Resolution: Manual verification of all 4 channel IDs. MetLife flagged as youtube_available: False in config, automatically skipped by the YouTube collector. This asymmetry (3 brands with YouTube, 1 without) became a structural feature of the analysis, not a limitation to hide.
YouTube data used Korean names (삼성생명, 한화생명), while VoC data used English keys (samsung, hanwha). This caused brand splits in staging — the same brand appeared as two entries.
Resolution: Added BRAND_KR_TO_KEY mapping in the staging ETL, unified all downstream data to English keys. Detected during data quality check, fixed before full collection.
BERTopic discovered 43 topics (+ outlier topic -1). Options considered:
- Option A: Re-run with
--nr-topics 15to force fewer topics - Option B: Keep 43 and manually map to business-meaningful categories
Decision: Option B. Rationale: reducing topic count risks losing meaningful granular topics (e.g., health campaigns, retirement content). Manual mapping preserves discovery while enabling business-level analysis.

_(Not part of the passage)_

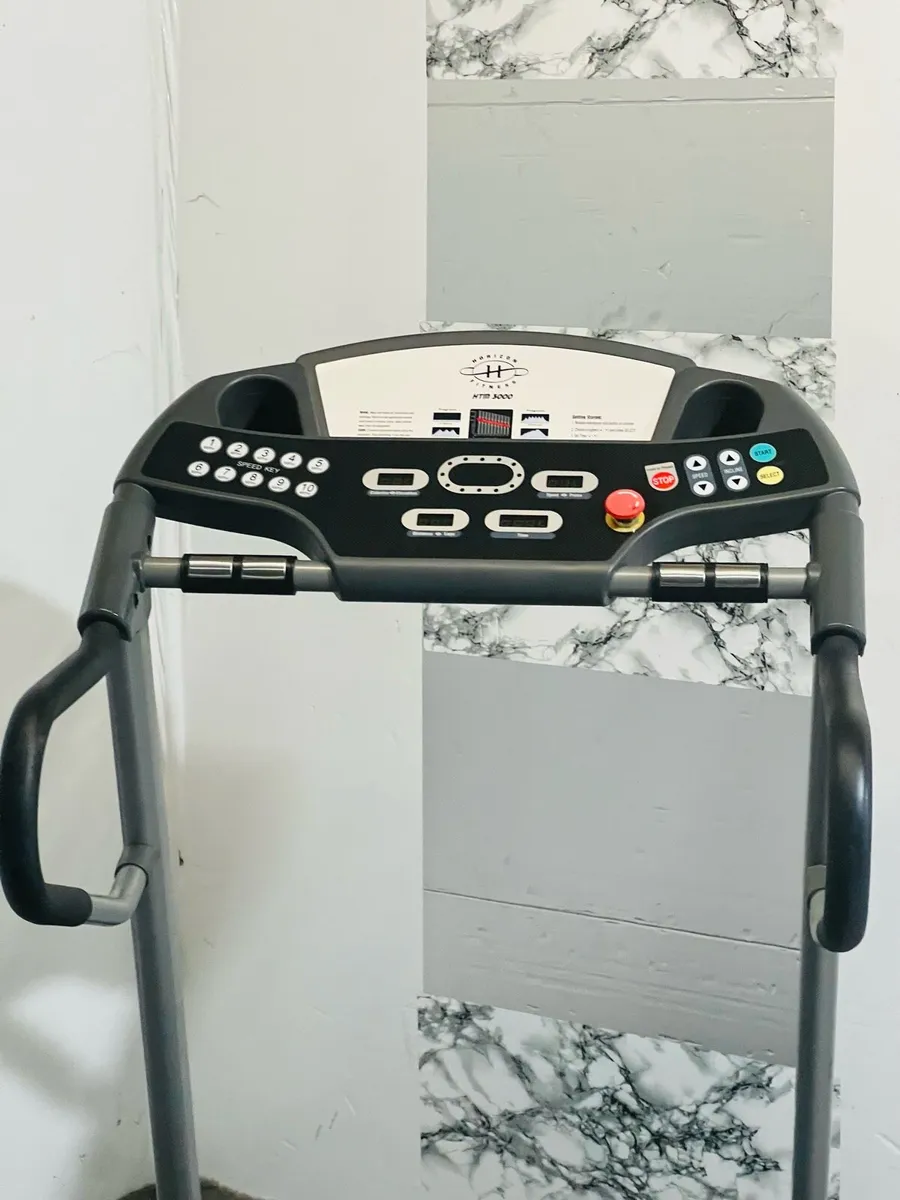 LARGE TREADMILL 136KG MAXIMUM USER WEIGHT, - Image 4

Final mapping to 6 categories aligned with the project's content type framework:
| Category | Topics Mapped | Documents |
|---|---|---|
| 상품홍보 (Product) | 0, 6, 21, 24, 36, 40 | 3,334 |
| 교육·전문성 (Education) | 4, 5, 9, 10, 14, 15, 16, 23, 37, 41 | 1,530 |
| 고객후기 (Reviews) | 1, 17, 28, 33, 38, 42 | 1,519 |
| 건강·라이프 (Health) | 2, 3, 12, 13, 19, 20, 31, 39 | 1,493 |
| 이벤트·프로모션 (Events) | 8, 11, 18, 26, 27, 30, 34, 35 | 657 |
| noise | -1, 7, 22, 25, 29, 32 | 3,272 |
Initial noise classification assigned 3,582 docs. A targeted inspection (scripts/inspect_noise.py) revealed 6 topics (310 docs) that were actually meaningful:
| Rescued Topic | Docs | Reclassified To | Why |
|---|---|---|---|
| Topic 12 | 112 | 건강·라이프 | Hanwha "봉인하고 싶어요" health campaign |
| Topic 39 | 18 | 건강·라이프 | Same campaign (dementia focus) |
| Topic 16 | 96 | 교육·전문성 | Samsung Life AI/music content response |
| Topic 37 | 21 | 교육·전문성 | Kyobo Life "책을읽장" reading campaign |
| Topic 30 | 37 | 이벤트·프로모션 | Samsung Life sports sponsorship |
| Topic 34 | 26 | 이벤트·프로모션 | Samsung Life brand song campaign |
Confirmed noise (3,272 docs): BERTopic outliers (-1), emoticons (Topic 7), English/Spanish comments (22), Kyobo Bookstore confusion (25, 32), stock news listings (29).
Topic 7 (218 docs, short emotional reactions like "ㅋㅋㅋ", "유치하다") required special handling. Before deciding, the comments were traced back to their source videos:
Finding: 218 comments were distributed across 75 different videos spanning sports, health, entertainment, and brand campaigns. No single campaign concentration.
Decision:
- Topic classification: noise — content type cannot be determined from the comment alone
- Sentiment analysis: included — emotional reactions are valid sentiment signals; the source video's topic category can be retrieved via video_id when needed
The 8,751 sentiment-eligible documents were processed in layers:
| Layer | Scope | Method | Result |
|---|---|---|---|
| Dictionary (high conf ≥ 0.3) | 2,640 docs (30.2%) | Insurance domain lexicon | Free, transparent |
| Dictionary (zero conf = 0) | 3,251 docs (37.2%) | No sentiment words detected | Classified as neutral |
| Claude Haiku (0 < conf < 0.3) | 2,860 docs (32.7%) | LLM API batch call | ~$0.1 total cost |
Key design: docs with confidence = 0 (no sentiment words at all) were not sent to Haiku. They are genuinely neutral — sending them to the API would waste cost without changing the label.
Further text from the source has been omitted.